DATA SEGMENT:
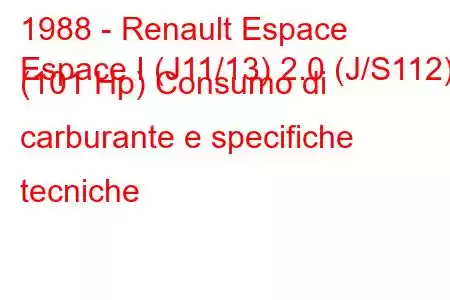 1988 - Renault Espace
Espace I (J11/13) 2.0 (J/S112) (101 Hp) Consumo di carburante e specifiche tecniche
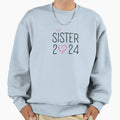 Sister 2024 Sweatshirt - Trendy Graphic for Adults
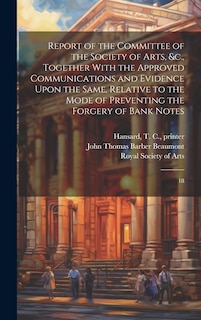Front cover_Report of the Committee of the Society of Arts, &c., Together With the Approved Communications and Evidence Upon the Same, Relative to the Mode of Preventing the Forgery of Bank Notes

WHAT YOU HAVE TO DO: Reproduce the listing above exactly, excluding all pictures.

ANSWER TO THIS PROBLEM:
 1988 - Renault Espace
Espace I (J11/13) 2.0 (J/S112) (101 Hp) Consumo di carburante e specifiche tecniche
 Sister 2024 Sweatshirt - Trendy Graphic for Adults
Front cover_Report of the Committee of the Society of Arts, &c., Together With the Approved Communications and Evidence Upon the Same, Relative to the Mode of Preventing the Forgery of Bank Notes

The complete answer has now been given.